Hi
First - acknowledgement: this is the first time I encounter traefik
and - wow, guys, great work! Amazin.
Anyway. I think I got an interesting challange.
In short
I'm looking for a setup where consider an endpoint, a router and two services, one based on a docker instance, and the other is external to the cluster - when the docker runs - the router should prefer it. When the docker is stopped - the router should default to try the external service.
There's a demo repo in the end that does it manually, I'm looking for a smarter traefik
config that can do it automatically.
In details
Consider the following background:
- corporate dev team that works on a complex service mesh of μ-Services
- team is inclusive for Golden-Cage developers (developers that can't work without an IDE)
- developers use a dev-env version of docker-compose with ~50 services, including dbs, queues, and all, but the lion-share are services managed by the team.
- dev team OS are mac and windows (linux is not supported by corporate IT )

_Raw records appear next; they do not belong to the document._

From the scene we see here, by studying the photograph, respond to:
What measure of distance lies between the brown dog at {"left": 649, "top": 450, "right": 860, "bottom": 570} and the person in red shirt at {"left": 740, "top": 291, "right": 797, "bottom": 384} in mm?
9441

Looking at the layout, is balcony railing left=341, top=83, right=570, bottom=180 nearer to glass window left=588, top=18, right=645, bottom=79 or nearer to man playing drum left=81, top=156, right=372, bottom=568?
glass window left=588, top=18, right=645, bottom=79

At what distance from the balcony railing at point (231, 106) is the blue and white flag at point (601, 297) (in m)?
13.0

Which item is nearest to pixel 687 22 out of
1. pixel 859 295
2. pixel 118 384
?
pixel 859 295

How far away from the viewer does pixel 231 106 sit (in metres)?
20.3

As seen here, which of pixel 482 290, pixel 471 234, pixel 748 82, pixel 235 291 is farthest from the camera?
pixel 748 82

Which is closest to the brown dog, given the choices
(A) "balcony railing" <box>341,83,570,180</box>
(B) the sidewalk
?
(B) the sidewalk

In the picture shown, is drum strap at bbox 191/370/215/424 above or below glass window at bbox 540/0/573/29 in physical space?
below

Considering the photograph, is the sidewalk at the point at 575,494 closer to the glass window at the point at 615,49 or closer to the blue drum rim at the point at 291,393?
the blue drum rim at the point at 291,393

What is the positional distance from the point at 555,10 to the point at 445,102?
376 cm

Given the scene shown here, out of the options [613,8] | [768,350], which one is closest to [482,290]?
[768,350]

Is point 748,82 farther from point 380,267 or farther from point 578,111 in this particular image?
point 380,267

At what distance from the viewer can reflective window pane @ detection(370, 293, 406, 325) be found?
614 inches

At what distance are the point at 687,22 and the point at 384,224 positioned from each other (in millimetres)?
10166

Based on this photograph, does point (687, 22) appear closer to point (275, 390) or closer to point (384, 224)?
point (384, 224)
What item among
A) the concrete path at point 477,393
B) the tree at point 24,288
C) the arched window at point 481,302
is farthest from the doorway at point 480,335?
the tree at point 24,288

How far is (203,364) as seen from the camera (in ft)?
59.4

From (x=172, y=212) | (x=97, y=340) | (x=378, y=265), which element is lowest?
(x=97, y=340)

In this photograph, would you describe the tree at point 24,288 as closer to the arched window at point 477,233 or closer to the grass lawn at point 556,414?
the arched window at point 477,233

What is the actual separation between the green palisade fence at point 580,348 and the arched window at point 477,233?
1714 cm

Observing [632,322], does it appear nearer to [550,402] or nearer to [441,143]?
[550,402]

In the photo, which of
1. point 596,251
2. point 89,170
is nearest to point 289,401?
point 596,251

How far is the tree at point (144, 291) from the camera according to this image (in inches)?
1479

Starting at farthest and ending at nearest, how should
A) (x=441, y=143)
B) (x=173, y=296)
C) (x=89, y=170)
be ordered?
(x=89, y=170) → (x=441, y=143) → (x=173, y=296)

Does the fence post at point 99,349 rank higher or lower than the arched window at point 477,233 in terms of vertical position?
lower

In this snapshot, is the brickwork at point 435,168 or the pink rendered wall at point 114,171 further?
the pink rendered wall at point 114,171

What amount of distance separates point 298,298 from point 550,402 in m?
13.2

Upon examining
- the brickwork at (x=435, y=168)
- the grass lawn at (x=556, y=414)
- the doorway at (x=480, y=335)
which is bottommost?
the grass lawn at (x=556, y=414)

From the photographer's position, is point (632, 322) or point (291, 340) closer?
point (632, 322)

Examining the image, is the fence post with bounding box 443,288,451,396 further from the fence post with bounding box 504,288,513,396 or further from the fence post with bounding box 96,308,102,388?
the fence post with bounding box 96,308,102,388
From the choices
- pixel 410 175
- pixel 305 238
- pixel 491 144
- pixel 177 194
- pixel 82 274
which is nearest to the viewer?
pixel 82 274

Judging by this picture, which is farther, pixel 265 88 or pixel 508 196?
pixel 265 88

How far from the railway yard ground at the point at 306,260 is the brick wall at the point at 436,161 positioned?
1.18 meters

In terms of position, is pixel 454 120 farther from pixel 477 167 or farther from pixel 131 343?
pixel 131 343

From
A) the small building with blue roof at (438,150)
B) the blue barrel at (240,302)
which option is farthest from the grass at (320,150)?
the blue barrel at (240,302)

Consider the following requirement:
A setup where developers can chose to run any service the team maintain as a process on his developer machine, using the sources from which the docker image in the mesh is built, and the same way they are used to from "home" (i.e IDE, with file-watch restarts, bundlers, whatever). Given they run such a service locally in dev-mode - we need this service to take the place of it's counterpart in the mesh expressed by docker-compose - i.e - consume services from the mesh, and more importantly - be consumed from other services in the mesh.
I discovered that the developer machine is found on the bridged network as host.docker.internal
- which is great. I can use it in traefik
services - so far - so good.
How far did I get
So what I got so far is the following:
- all inter-service communications pass through
traefik
.
traefik
implements the service buss, and is the sole entity that knows what service runs where.
(likek8s ingress
, but without the kubelet and all. Just the routing.) - services in the mesh look for each other using the container name + port.

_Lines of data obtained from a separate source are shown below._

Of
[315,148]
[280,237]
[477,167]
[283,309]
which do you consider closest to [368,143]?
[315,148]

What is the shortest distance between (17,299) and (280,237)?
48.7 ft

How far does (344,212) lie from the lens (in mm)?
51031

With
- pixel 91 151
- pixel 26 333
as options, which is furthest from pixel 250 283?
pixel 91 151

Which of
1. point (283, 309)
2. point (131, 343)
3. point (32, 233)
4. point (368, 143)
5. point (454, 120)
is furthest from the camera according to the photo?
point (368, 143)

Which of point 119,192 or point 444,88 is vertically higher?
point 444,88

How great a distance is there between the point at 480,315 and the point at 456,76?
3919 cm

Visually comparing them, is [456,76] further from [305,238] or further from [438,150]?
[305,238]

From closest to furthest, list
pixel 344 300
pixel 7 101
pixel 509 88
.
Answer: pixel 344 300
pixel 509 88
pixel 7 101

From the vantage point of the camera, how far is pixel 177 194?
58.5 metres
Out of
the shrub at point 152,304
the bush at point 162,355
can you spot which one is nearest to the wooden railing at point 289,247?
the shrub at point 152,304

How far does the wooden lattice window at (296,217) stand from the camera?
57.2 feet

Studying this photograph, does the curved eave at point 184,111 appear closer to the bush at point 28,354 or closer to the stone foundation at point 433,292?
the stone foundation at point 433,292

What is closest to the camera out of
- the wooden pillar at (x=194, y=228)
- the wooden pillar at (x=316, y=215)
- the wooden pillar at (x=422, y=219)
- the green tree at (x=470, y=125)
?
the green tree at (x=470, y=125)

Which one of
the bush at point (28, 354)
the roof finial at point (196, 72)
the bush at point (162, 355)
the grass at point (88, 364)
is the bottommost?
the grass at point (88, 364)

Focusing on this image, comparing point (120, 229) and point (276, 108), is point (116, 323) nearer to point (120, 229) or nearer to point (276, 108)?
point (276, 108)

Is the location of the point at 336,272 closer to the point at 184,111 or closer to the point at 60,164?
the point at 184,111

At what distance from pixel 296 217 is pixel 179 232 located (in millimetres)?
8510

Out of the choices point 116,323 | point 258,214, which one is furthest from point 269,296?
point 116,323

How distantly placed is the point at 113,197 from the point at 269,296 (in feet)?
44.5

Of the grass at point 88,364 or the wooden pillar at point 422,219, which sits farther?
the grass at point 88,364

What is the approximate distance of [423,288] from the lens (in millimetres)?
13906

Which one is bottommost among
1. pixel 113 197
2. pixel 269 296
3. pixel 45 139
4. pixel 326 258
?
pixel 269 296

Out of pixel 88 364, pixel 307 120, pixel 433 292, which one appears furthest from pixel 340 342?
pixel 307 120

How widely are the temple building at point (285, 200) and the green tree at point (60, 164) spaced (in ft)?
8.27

however, no matter who they ask for - they gettraefik
.
This done using thelinks
section of services indocker-compose
. - The consumed endpoint base URL is also injected using the
environment
section of services indocker-compose
.
when run on developer machine - using baked in defaults ofhttp://localhost:<port>
relaying on the unique ports scheme) - the total config holds an entry-point, a service and a router per node in the mesh.
entry points are identified by ports, which are allocated uniquely across the mesh.
i.e - you know what service you'll get by the port.
(actually, I considered to identify services using host names, and ruled against it.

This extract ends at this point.